The destruction of the Beis HaMikdash is a central part of this month, as the absolute worst day in history. However we also have the best day for the Jewish people in every year, Tu B’Av, the day on which the most shidduchim were made, when the single girls would wear white dresses and encourage the bochurim to take their pick of who they wanted to get married to. That’s just a distinct aspect to the day that is well known.

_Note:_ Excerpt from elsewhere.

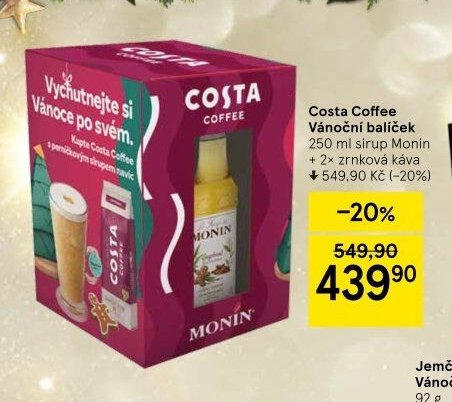Costa Coffee Vánoční balíček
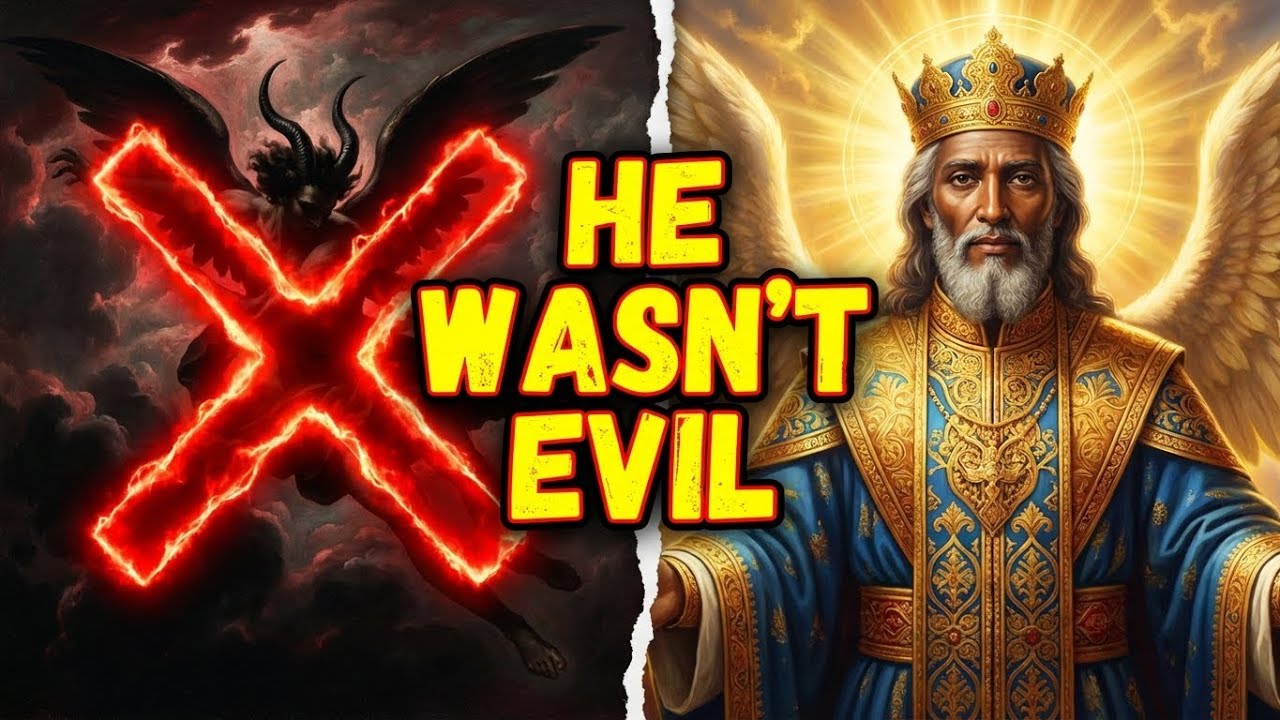 Lucifer's Fall Was a Lie? The Forbidden Ethiopian Secret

So we have a day of absolute horribleness, and a day of absolute joy, at least in the olden days. What’s the ultimate source of these? אבינו שבשמים, our Father in Heaven. Av is spelled אב, which is the root for the word “father.” The complete formal name of the month is מנחם אב, “Comforting of the Father,” referring to the concept that Moshiach will be born this month. אב can also be read as עב, through a darshening (exegetical) technique that uses changing letters for other letters in the same phonological group. עב means “thick.” Though the worst occurrence in Jewish history happened now, this month is still “Thick” with the comforting mercy of our Father, Hashem. There is an idea that Moshiach will be born on Tisha B’Av, even as everything is destroyed, salvation will be born from the ashes. Even though one week we have the destruction of the chosen place of Hashem’s presence, the next week we have the most joyful day of the year, though commonly ignored or downgraded to “Jewish Valentine’s Day.”
The B’Nei Yissoschor in the first perek of the Maamar on the months of Tammuz and Av says that the permutations of Hashem’s holy four lettered name teach us something very interesting. For Tammuz, the name is completely not in order, alluding to the troubles and destruction that started on 17 Tammuz; whereas for Av, we have the name written out with the the first two letters as Heh and Vuv, and then followed by Yud and the letter Heh, pronounced Havayah. The B’Nei Yissoschor brings that this is the proper custom for Jews to refer to the holy name as Havayah, rather than Hashem, because Havayah specifically shows that Hashem’s Holy name will eventually be complete in the proper way, as it is in Nissan, and we shall be redeemed from the oppression of this world as we were saved from Mitzrayim. One shitta in the gemoro in Sanhedrin says the Geulah doesn’t come except through t’shuva. We should all merit to true t’shuva and d’veikus with the Aibishter, and Hashem should bentsh us with the Geulah Sh’leimah.